Though they love each other, Catherine believes it impossible for her and Heathcliff to marry, and that he must not know how she feels about him. Heathcliff, having been cast so low by her brother, is well below her social station and they would live in impoverished misery for the rest of their days. Heathcliff overhears this declaration and angrily leaves Wuthering Heights, not hearing the rest of Catherine's words: that she and Heathcliff are soulmates, that their souls are made of the same thing (a sentiment that Heathcliff later unwittingly echoes). Catherine spends hours out in the rain calling fruitlessly for Heathcliff's return, and catches ill. Edgar Linton, her childhood suitor and whom Heathcliff has long despised, nurses her back to health and eventually marries her.

After several years Heathcliff suddenly returns, having come across an unknown source of wealth and prestige, and bent on revenge against all who tormented him. He loans money to Catherine's drunken brother, ensuring he remains eternally in debt to Heathcliff. He seduces Edgar's adoring younger sister into marriage and fathers a child with her to secure the Lintons' estate once Edgar dies, but treats her and the boy cruelly.
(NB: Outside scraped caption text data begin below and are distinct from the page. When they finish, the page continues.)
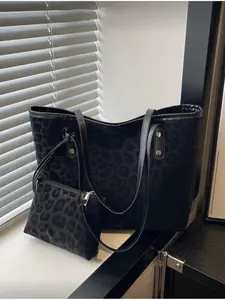 2 Pack New Large Capacity Leopard Print Faux Leather Tote Bag Double Handle Design Suitable for Commuting Work School Lightweight Spacious Tote Bag for Young Women College Students Office Workers Fash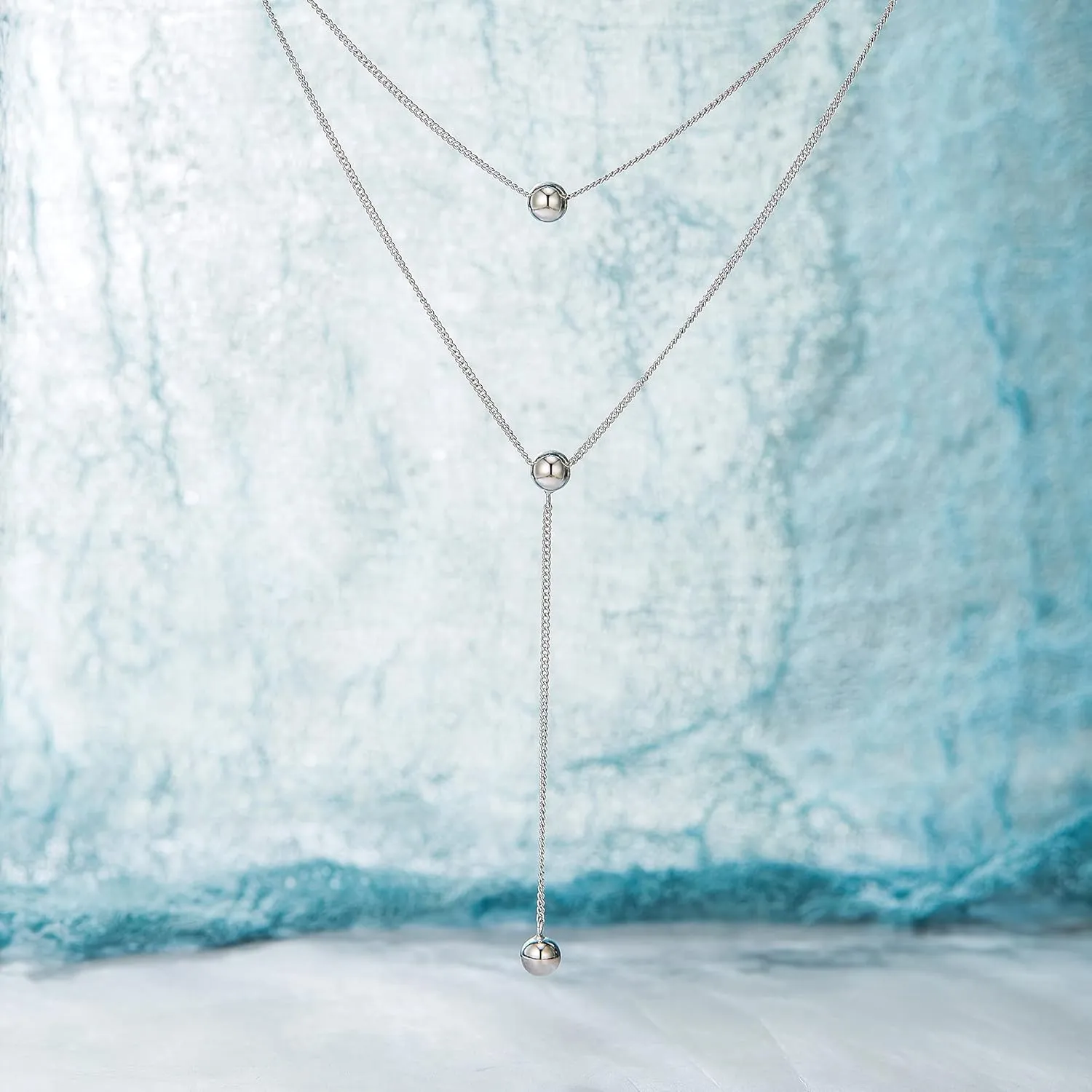 FANZE 925 Steling Sliver Necklace for Women,Star Knot Ball Layered Y Necklace Sweater Women Jewelry Gift for Holiday Festival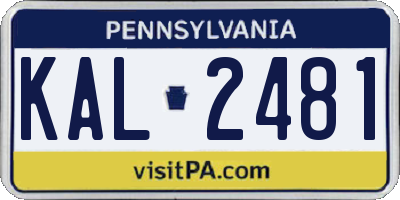PA license plate KAL2481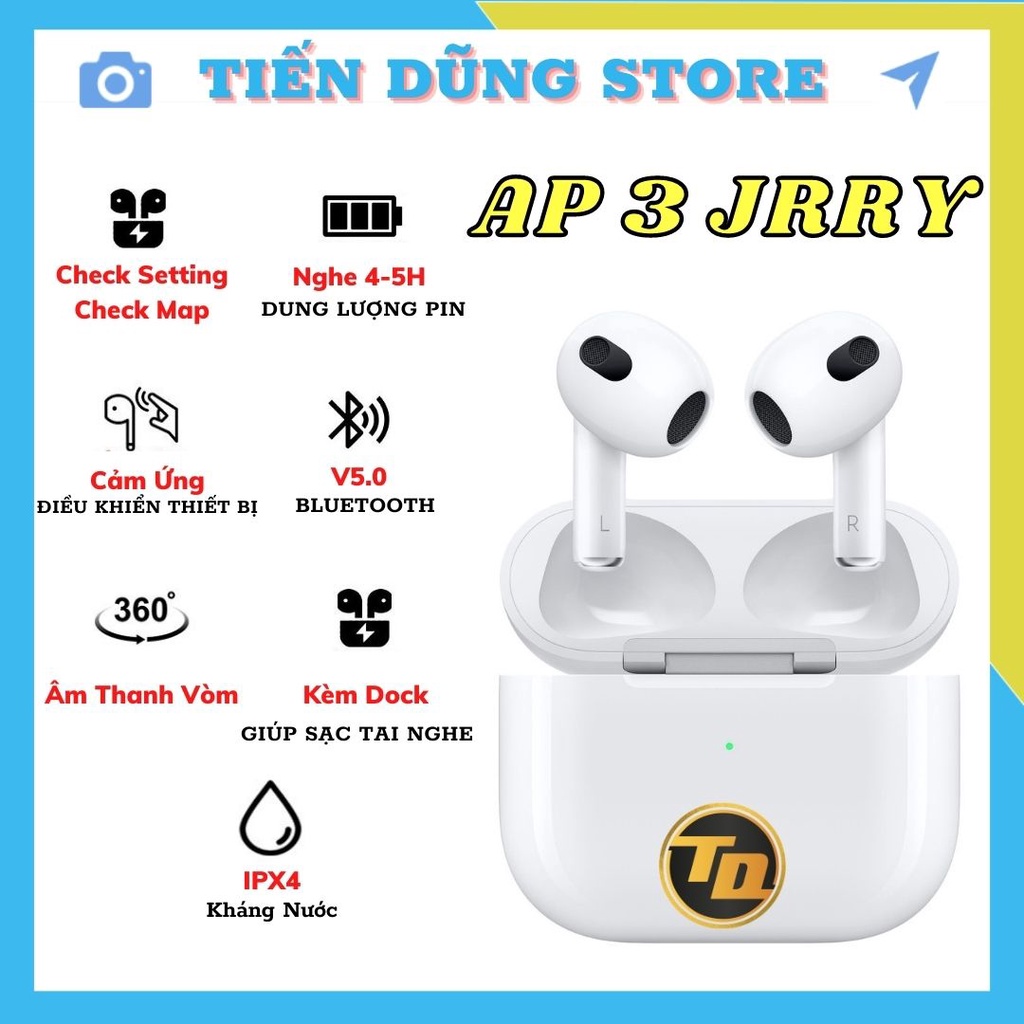 Tai Nghe Bluetooth TWS 3 Âm Thanh Vòm,Cảm biến,Định Vị,Đổi Tên,Sạc ko dây New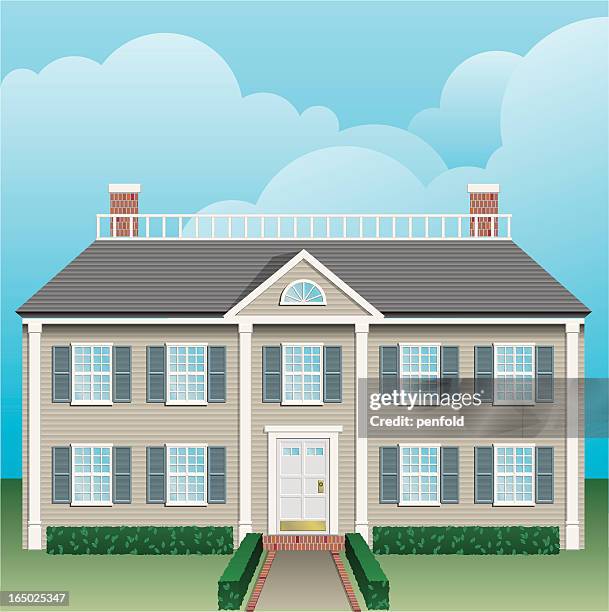 stockillustraties, clipart, cartoons en iconen met house - colonial home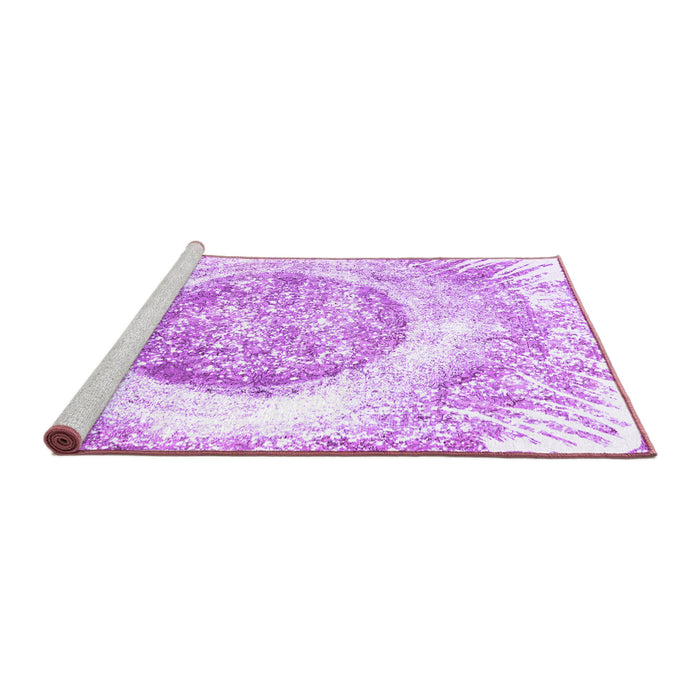 Sideview of Machine Washable Abstract Purple Contemporary Area Rugs, wshcon616pur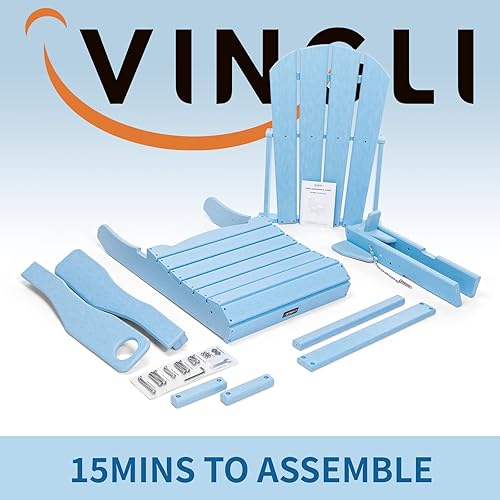 Miniatura 7 de VINGLI Silla Adirondack plegable de plástico con soporte para tazas, material de polietileno de alta densidad 100% reciclable impermeable, cómoda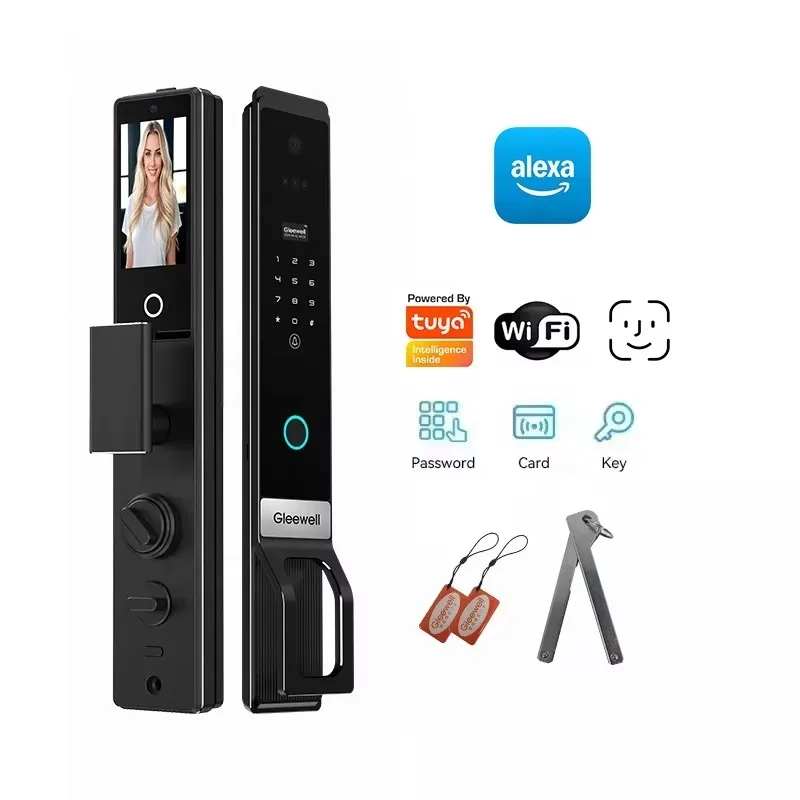 Alexa Smart Lock With 3D Face Recognition Titanium Aluminum Alloy New Full Automatic Security Palm Vein Smart Door Lock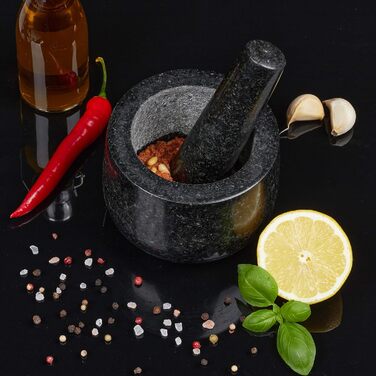 Набір для приготування спецій Relaxdays: гранітний ступка та пестик, 12 см, 300 мл, чорний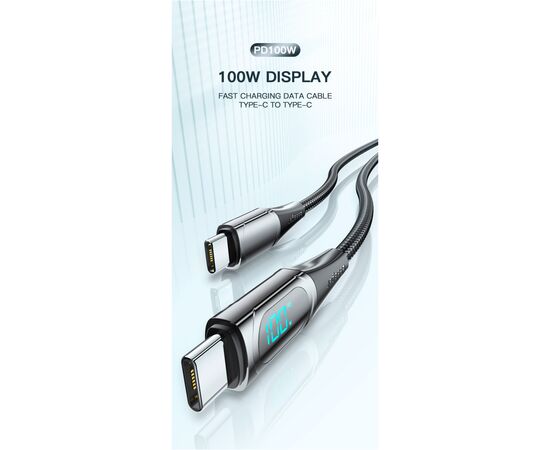 Дата кабель USB-C to USB-C 2.0m 100W Digital Display blue Essager (ES-XCTT1-YDA03), изображение 3 Дата кабель USB-C to USB-C 2.0m 100W Digital Display blue Essager (ES-XCTT1-YDA03), изображение 3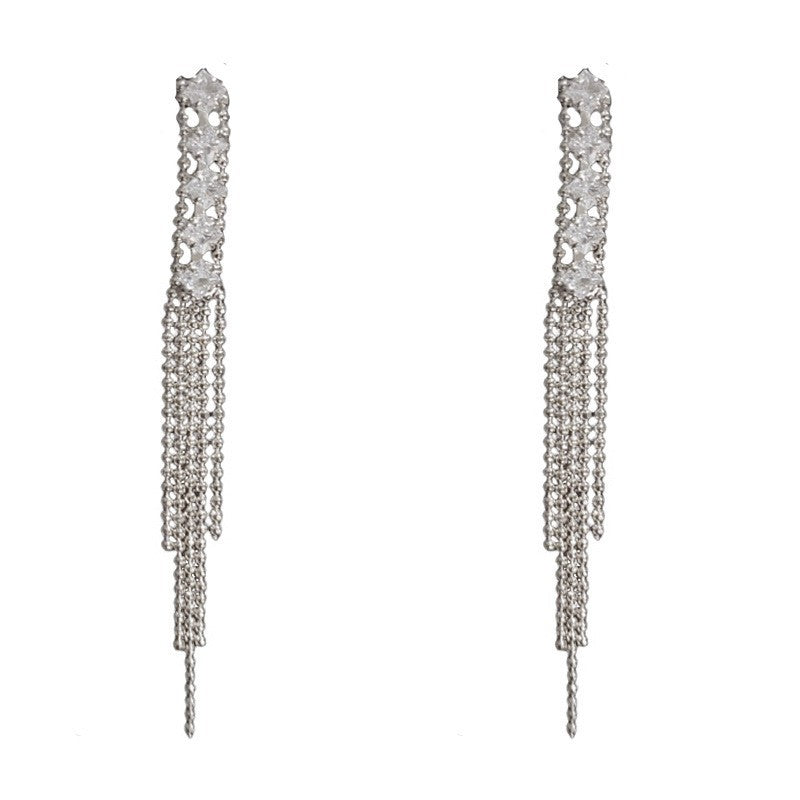 Eaioncol Long CZ Tassel Drop Earrings Gold Silver 5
The stress of Heathcliff's presence, his manipulations, and increasing unhappiness in her own marriage steadily push Catherine into madness, and her health declines. On her deathbed, she and Heathcliff passionately declare the depths of their feelings for one another. Catherine believes Heathcliff (and Edgar) responsible for her dying - essentially having broken her heart and spirit, though she cannot bear the thought of dying while Heathcliff lives. He counters that it is she who has broken his heart, and her own as well.

Catherine dies later that night, having slipped into a coma shortly after giving birth to hers and Edgar's daughter (also named Catherine, or Cathy). Heathcliff is angered by the seeming peace with which Catherine died, and declares that she will not rest as long as he lives. He begs her to haunt him, because he cannot live without his "soul." As with Anakin, the death of his love seals his lifelong rage. Heathcliff eventually seizes control of Wuthering Heights and the Lintons' estate and becomes even more bitter and vengeful to its inhabitants, including Cathy. The one person who he seems to share some affinity for is Catherine's nephew Hareton, who strongly resembles her, and who Heathcliff raises up almost like a - however dysfunctional - son.

Over time the younger Cathy begins to soften toward the ruffian Hareton, much like her mother did in childhood toward Heathcliff, and the two fall in love. Hareton defies Heathcliff in his attempts to torment Cathy, and at this display Heathcliff seems to suffer an emotional breakdown of sorts, after which he begins to see the elder Catherine's ghost. Giving up on his lifelong vendetta against the Lintons and Earnshaws, he suddenly dies soon after, a smile on his face: he has rejoined Catherine at last. He is buried next to her, and though - unlike Anakin - it remains unclear whether Heathcliff found redemption in the end, it is said that his and Catherine's ghosts are seen wandering together through the moors. Hareton and Cathy, like Anakin and Padmé's children, look forward to a more promising future than their forebears did.